El Nobel de la Paz
SI LOS criterios para la concesión del Premio Nobel de Literatura resultan ya difíciles de adivinar, excepto en lo que respecta al firme propósito de no dejar nunca de lado, la política, el Premio Nobel de la Paz desafía cualquier intento de buscar una línea de cierta continuidad y congruencia en su desarrollo. En la larga relación de personalidades e instituciones que han recibido esa recompensa figura un político tan belicista como Theodore Roosevelt, que fue uno de los grandes incitadores de la guerra hispano-norteamericana de 1898; un estratega tan insensible a las estadísticas de muertos y hectáreas arrasadas por napalm como Henry Kissinger, que fue uno de los negociadores del fin del conflicto vietnamita después de ser uno de los responsables activos de aquel terrible genocidio, y un antiguo terrorista de historial tan sombrío como Beguin. Al repasar esos nombres no se sabe bien si los parlamentarios noruegos hicieron en su día ejercicios de humor negro con estas designaciones o simplemente decidieron convertir ese galardón en una especie de recompensa para enemigos de la paz arrepentidos.Porque ese premio -creado, para mayor paradoja, por un hombre que realizó considerables esfuerzos para aumentar la capacidad de destrucción y de muerte en el planeta- también ha distinguido a hombres, mujeres e instituciones claramente comprometidas con causas decididamente nobles: la defensa de las minorías, la lucha en favor de los derechos humanos y los esfuerzos en pro de la convivencia entre los pueblos. A lo largo de las dos últimas décadas, Martin Luther King, líder de la comunidad negra en Estados Unidos, y Andrei Sajarov, portavoz de los disidentes en la Unión Soviética, pueden servir como símbolos de esa tendencia a amparar y proteger a las minorías raciales o ideológicas frente a una sociedad hostil o un poder autocrático. También la lucha en pro de los derechos humanos tiene su representación entre los premiados, sin ir muy atrás: Amnistía Internacional. Finalmente, el intento de comunicar entre sí a los distintos pueblos de la Tierra, de derribar esos muros de incomprensión que edifican la difusión de estereotipos, el cultivo de la ignorancia y el chovinismo, a fin de erradicar las semillas del odio entre las naciones que florecen luego salvajemente con las guerras, ha sido seguramente el mérito tomado en consideración con mayor frecuencia para otorgar el Premio Nobel de la Paz.

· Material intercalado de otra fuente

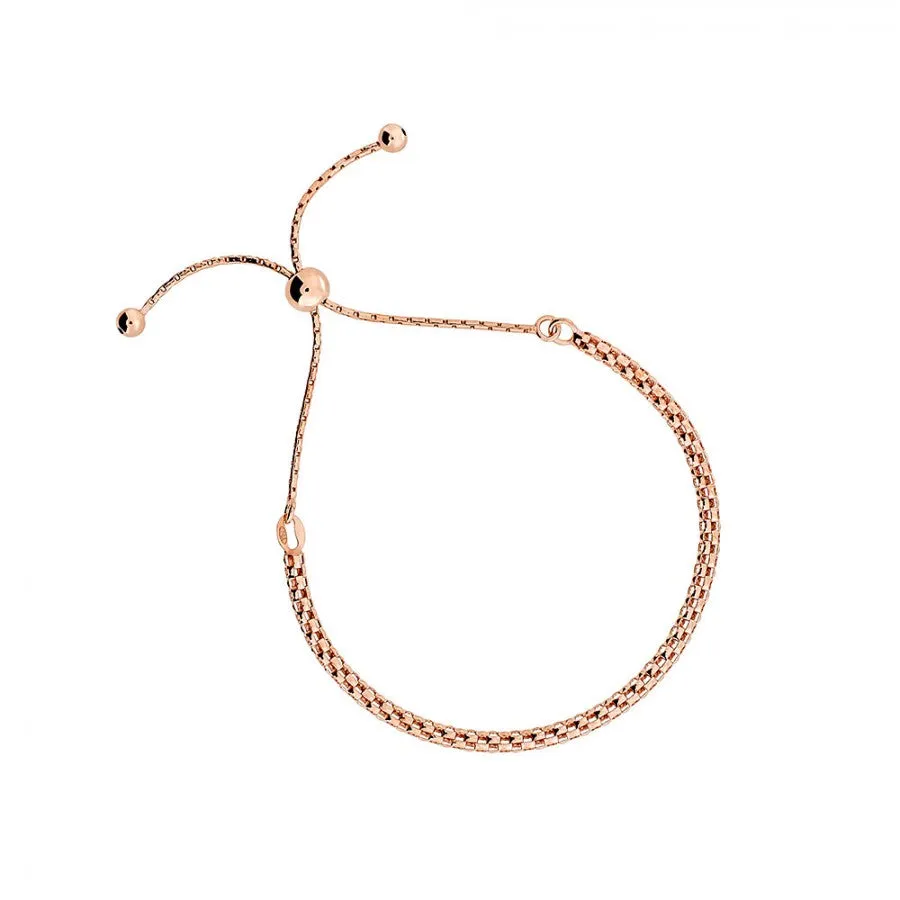 Adjustable Rounded Box Chain Bracelet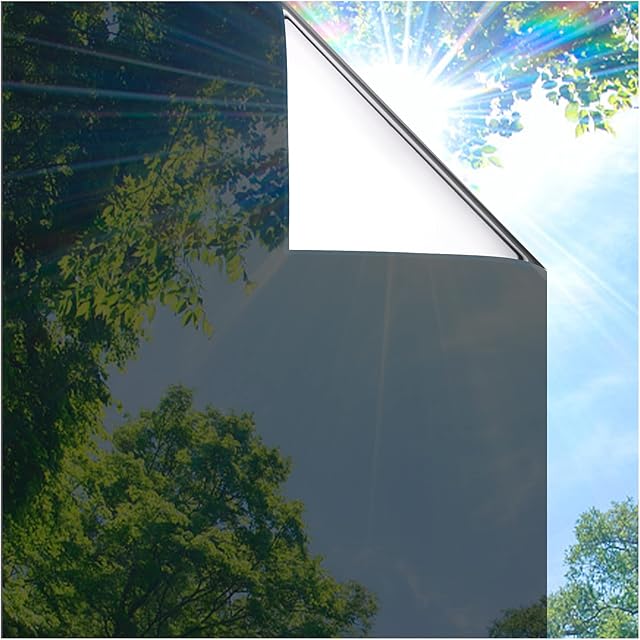 Coavas One Way Window Privacy Film, Heat & Sun Blocking Window Film See Out Not in, Static Cling Window Tint for Home, Anti UV Reflective for Bathroom Office Door (Black, 17.7 x 78.7 inches)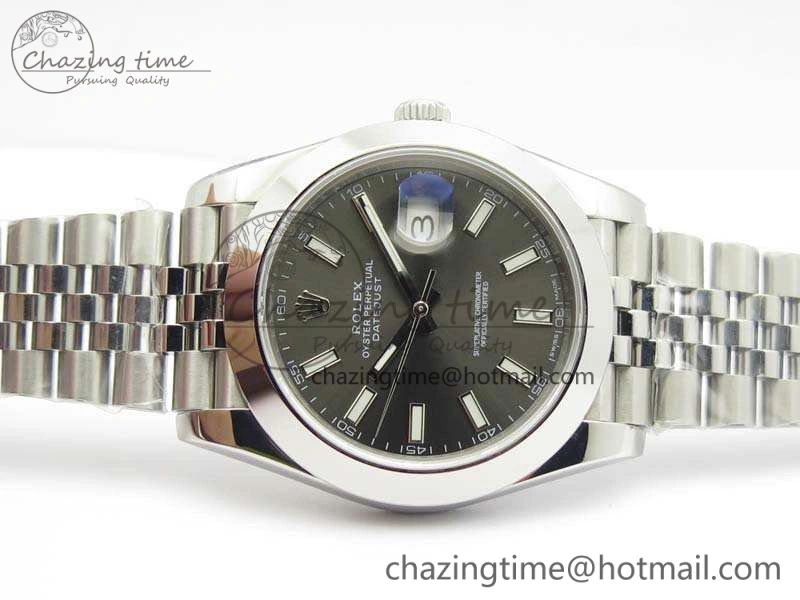 DateJust Smooth Bezel SS Noob 1:1 Best Edition Gray Sticks Dial On Jubilee Bracelet A WrinkleFree 3505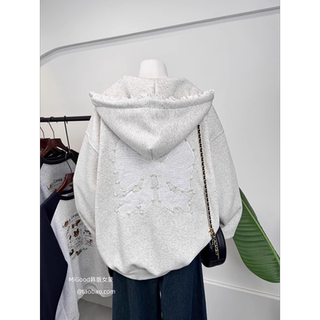 Chaqueta con cremallera y lazo de encaje con cuentas para mujer, sudadera holgada de terciopelo de talla grande, estilo a la moda coreana, industria pesada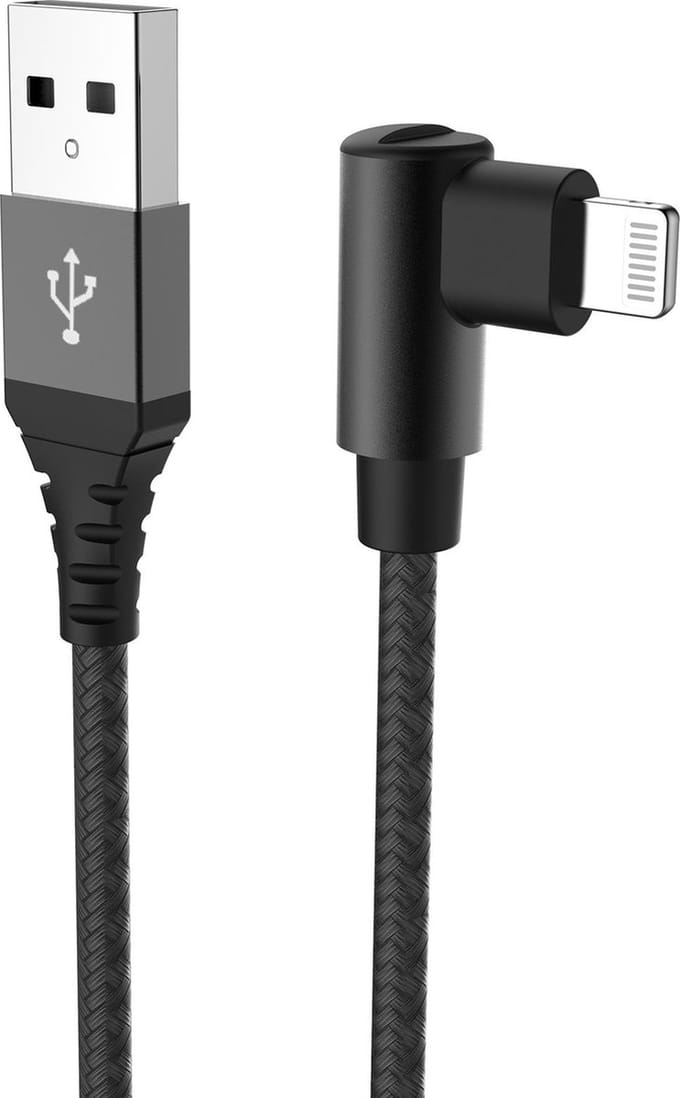Celly Datakabel USB-A > Lightning – MFI - L stekker - Opladen en gegevens overdragen - 1 Meter - Zwart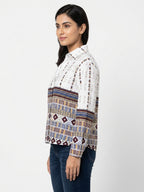 White Ethnic Print Regular Fit Shirt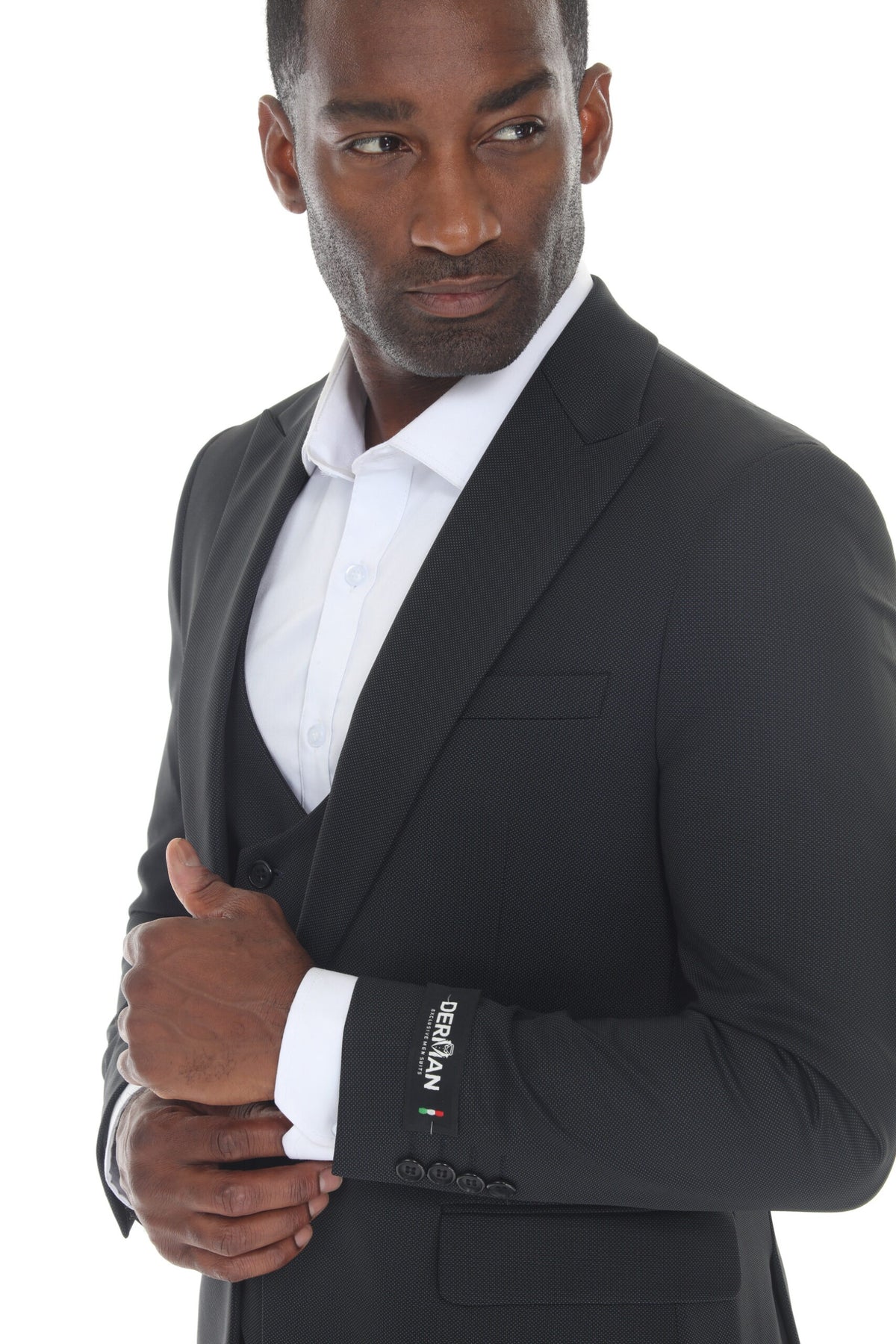 Black Modern Fit 3-Piece Suit — Double-Breasted Vest – Suituno, photo 3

Este año, el Parlamento noruego ha distinguido a Adolfo Pérez Esquivel, arquitecto argentino que ha defendido con coraje cívico y entereza moral la causa de los derechos humanos en su país. Si el Premio Nobel de la Paz sirviera desde ahora para llamar la atención del mundo entero sobre los países donde se discrimina y persigue a las minorías y en los que se practica como método de gobierno la tortura y la conculcación de los derechos humanos, tal vez pudiera hacer olvidar las ocasiones en que estuvo al servicio de la alta política mundial o de los intereses de las grandes potencias. En este caso concreto no cabe sino señalar que la decisión del Parlamento noruego habrá servido, al menos, para que todos recordemos las páginas de infamia y de dolor que han ensuciado la historia de los países del Cono Sur en la última década, y que continúan siendo escritas con la sangre de sus pueblos por los dictadores de turno de todo el continente, desde el plebiscitado Pinochet hasta García Meza.